Tenía la sensación -que había perdido hace tiempo- de que por un momento, el tiempo se detenía.

Cuaderno de bitácora – Página 13

Subir al Machu Picchu puedes hacerlo desde el mismo Aguascalientes en bus, como cualquier otro turista… pero no tiene el mismo encanto que si lo haces a pie por el camino que cruza la enorme pista de tierra y polvo, aunque la paliza de subir sin apenas desayunar y con todo lo que llevaba detrás, te lo aseguro, está más que servida, -y eso que yo tengo las piernas más fuertes que el vinagre-, de eso puedes estar bien seguro.

-El autobús es para los turistas-, me decía… -No quieres té… ¡pues toma dos tazas! -Después de aquella matadora subida, con la ropa empapada, y sin apenas haber comido, hice el ingreso al mismísimo Machu Pichu.

Nada más ver aquella maravilla -porque no tiene otro nombre-, se me quitó el frío, el hambre y el cansancio de golpe. Lo primero que se me pasó por la cabeza fue preguntarme: -pero y esto… ¿cómo han podido ser capaces de hacerlo?, ¿cómo han subido todas estas piedras?, ¿cómo han llegado a ser capaces de descubrirlo?. Alucinaba con cada pregunta formulada.

Me quedé en shock un largo rato, estaba presenciando una de las mayores obras de la historia del mundo mientras continuamente me hacía preguntas a cada cual más misteriosa Tiempo después, desde la parte más alta, me senté sobre una piedra calentada por el sol mientras intentaba visualizar como sería aquella ciudad en el pasado. Tenía la sensación -que había perdido hace tiempo- de que por un momento, el tiempo se detenía, y la prisa por llegar o volver ya no entraba en mis planes; -el reloj no puede limitar las emociones en momentos así-, de lo contrario creo que no me lo habría perdonado.

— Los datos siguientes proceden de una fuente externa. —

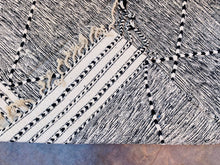 Load image into Gallery viewer, Flatweave Moroccan rug 6x10 - FM11, Flat weave Kilim Rugs, The Wool Rugs, The Wool Rugs, 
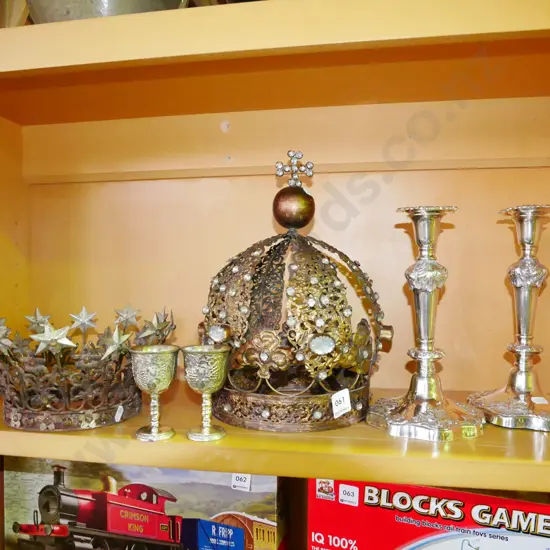 2x metal crowns, plated candlesticks, small goblets
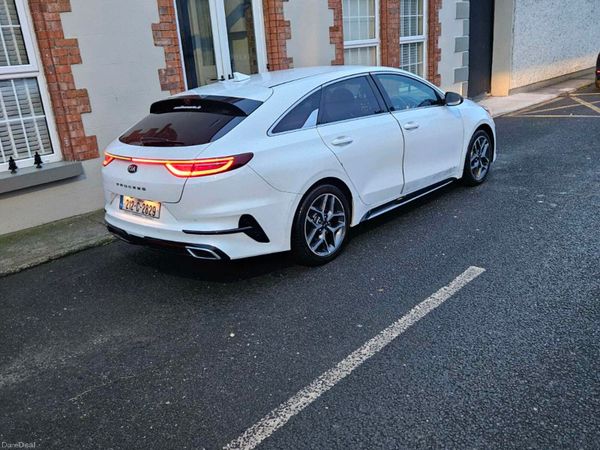 Kia Ceed Hatchback, Diesel, 2021, White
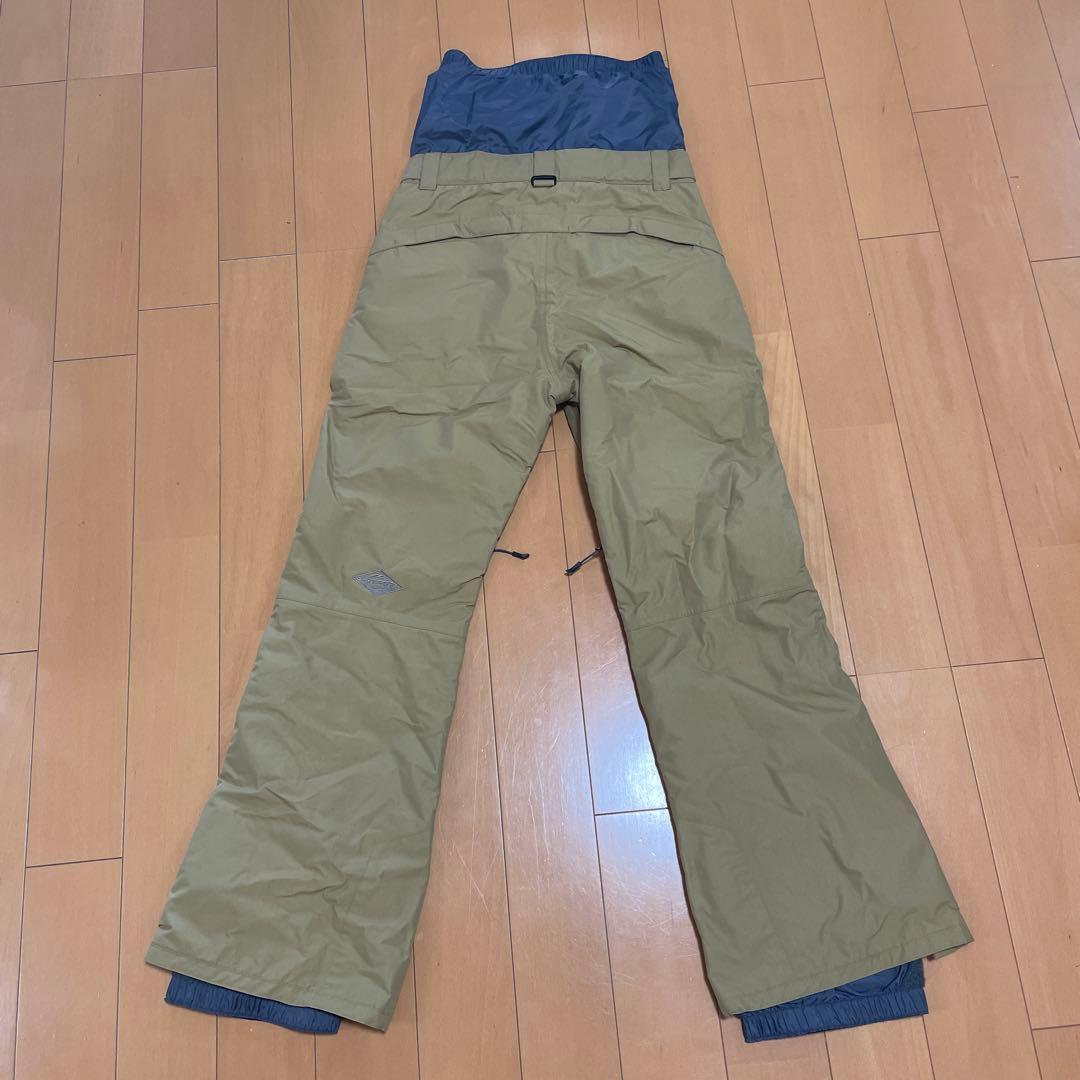 新品ウィンタースポーツ用スノーボードウェア（女性用）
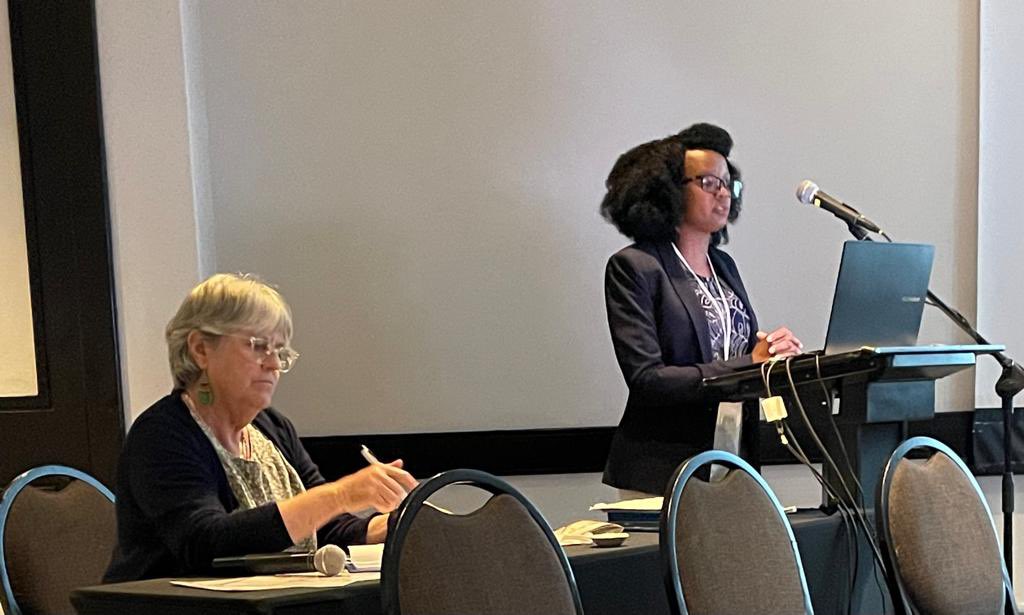 M_Mafuyeka's tweet photo. Another #PricelessSA presentation @PublicHealthSA by Winfreda Mdewa on “a cost effectiveness analysis of maternal multiple micronutrient supplementation in South Africa”
#PHAS2022 #buildingbackbetter #PricelessSA https://t.co/AQgKgZb2rX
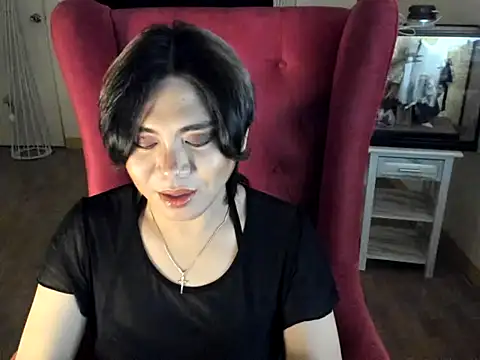 GoldenTs69 live sex cam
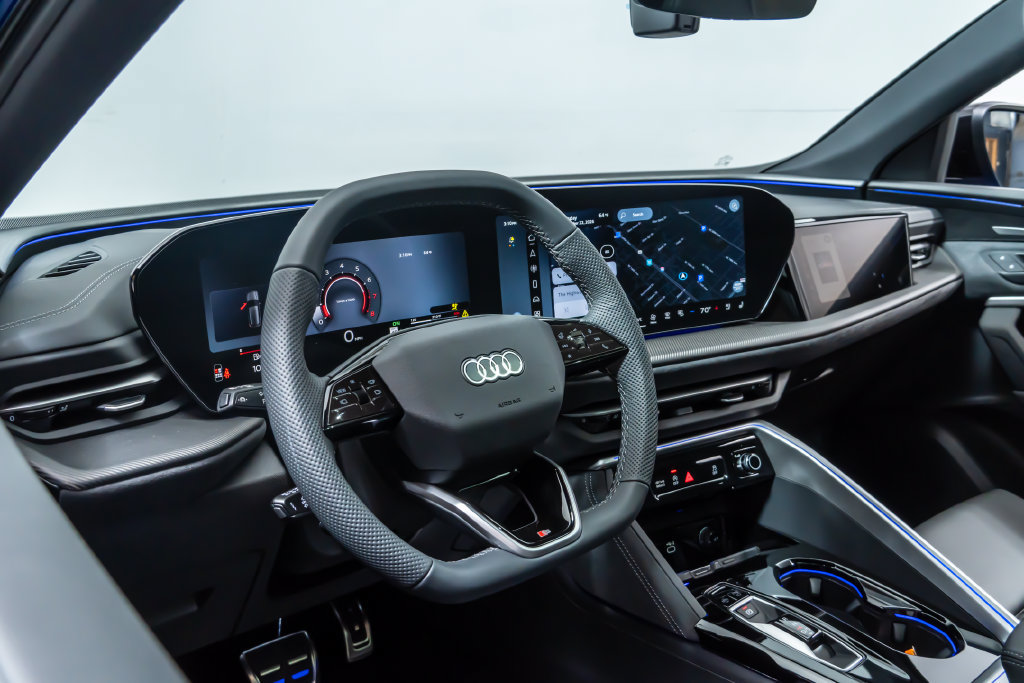 New 2026 Audi SQ5 Premium Plus AWD/4WD image 4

Después de haber tenido ese momento de calma y equilibrio, y que merecido y dilatado, llegó, claro está, la otra parte; se acerca un grupo de llamas…así que lo menos que se te ocurre es hacerte un ‘selfie’; lo que vino después derivó en bailar el baile del delfín en plena colina; ¡ni la mismísima Wendy Sulca lo habría hecho mejor!… ya lo ves, estaba inspirado (esto último es muy posible que solo los peruanos lo comprendan).

Lo cierto es que ver todo aquello -dejando la broma a un lado-, era increíble; la pena es que poco a poco el lugar se va llenando de gente y pierde gran parte de su encanto. No sientes la misma energía que al principio, cuando te ves prácticamente solo contemplando aquella cumbre junto con sus ríos al fondo. Es espectacular, y es cierto lo anteriormente dicho, se transmite una energía difícil de describir.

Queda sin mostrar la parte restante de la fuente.